**Problem statement**: Pictures stay out of the copy, which must hold exactly the lines from the one containing "Audi 100 С3 · Рестайлинг, 1988 г." through the end of the material below.

**Input for this task**:

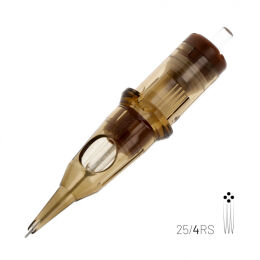 KWADRON Cartridge System - 4 RS - Round Shader 0.25 mm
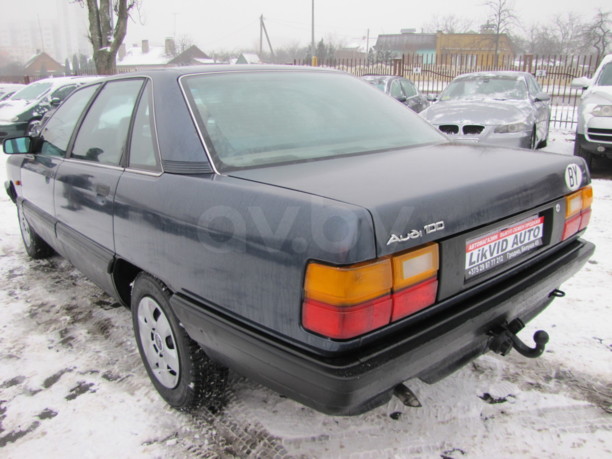 Audi 100 С3 · Рестайлинг, 1988 г.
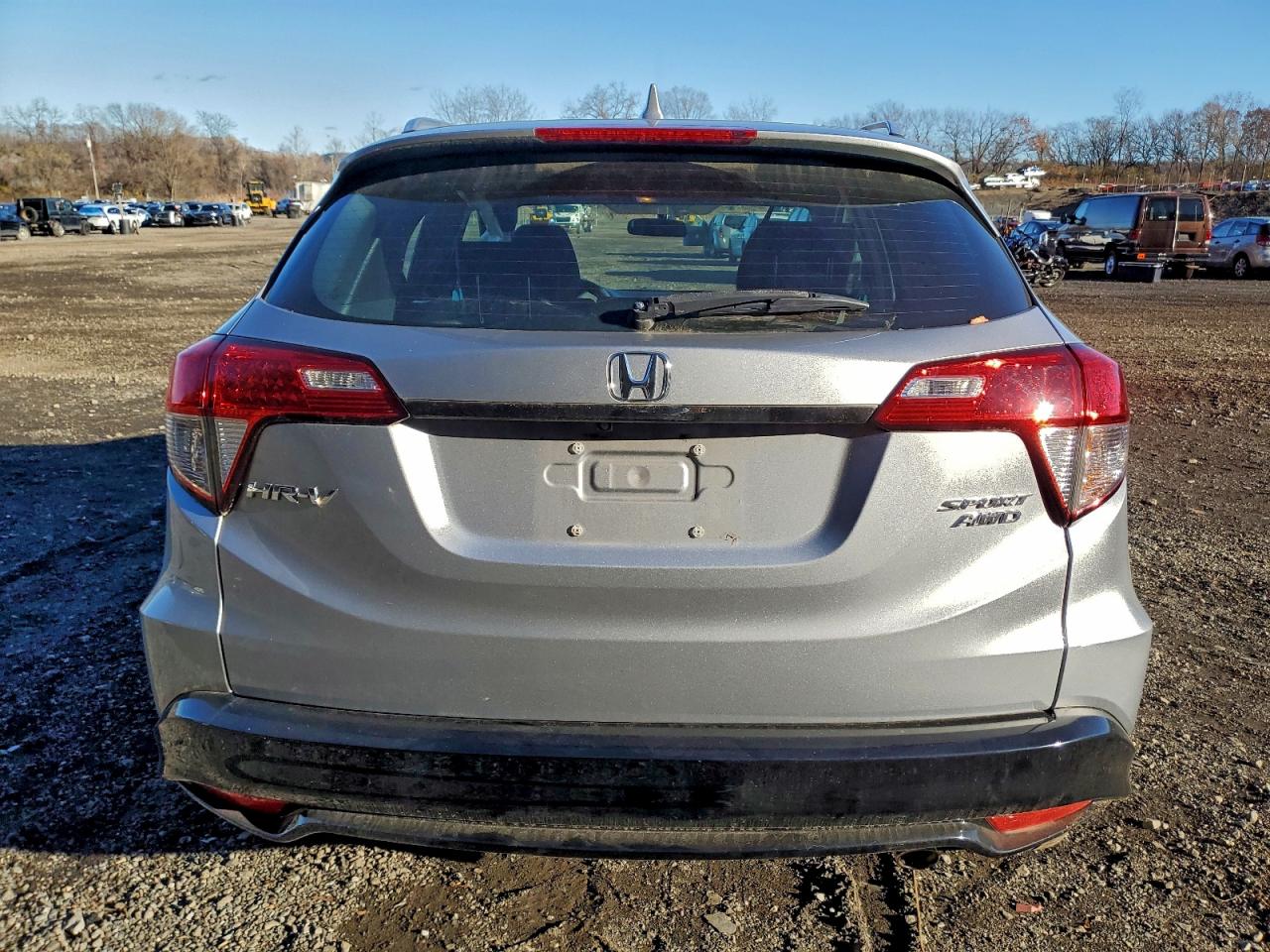 2019 Honda Hr-V Sport VIN: 3CZRU6H10KG722525 Lot: 93620835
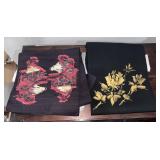 Vintage Japanese Print & Brocade Obi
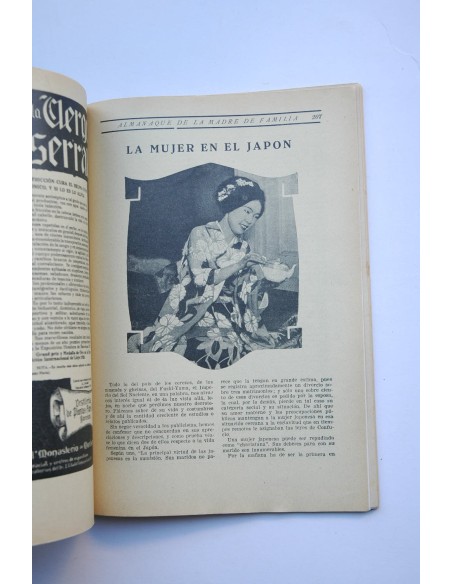 Almanaque de la madre de familia para 1929 : verdadera enciclopedia del hogar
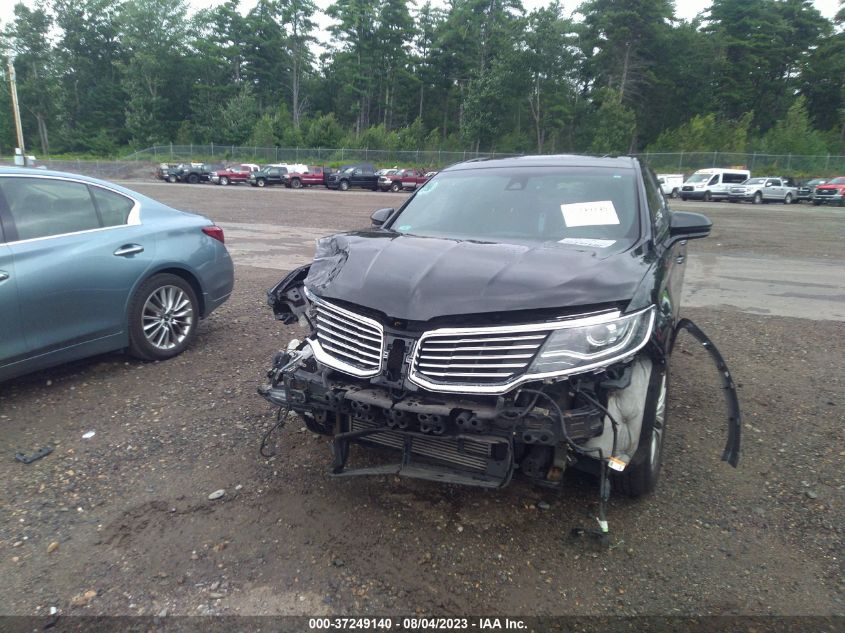 2017 LINCOLN MKX SELECT - 2LMPJ8KP9HBL10436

**Worked solution**:
 Audi 100 С3 · Рестайлинг, 1988 г.
 2019 Honda Hr-V Sport VIN: 3CZRU6H10KG722525 Lot: 93620835
 Vintage Japanese Print & Brocade Obi
 Almanaque de la madre de familia para 1929 : verdadera enciclopedia del hogar
 2017 LINCOLN MKX SELECT - 2LMPJ8KP9HBL10436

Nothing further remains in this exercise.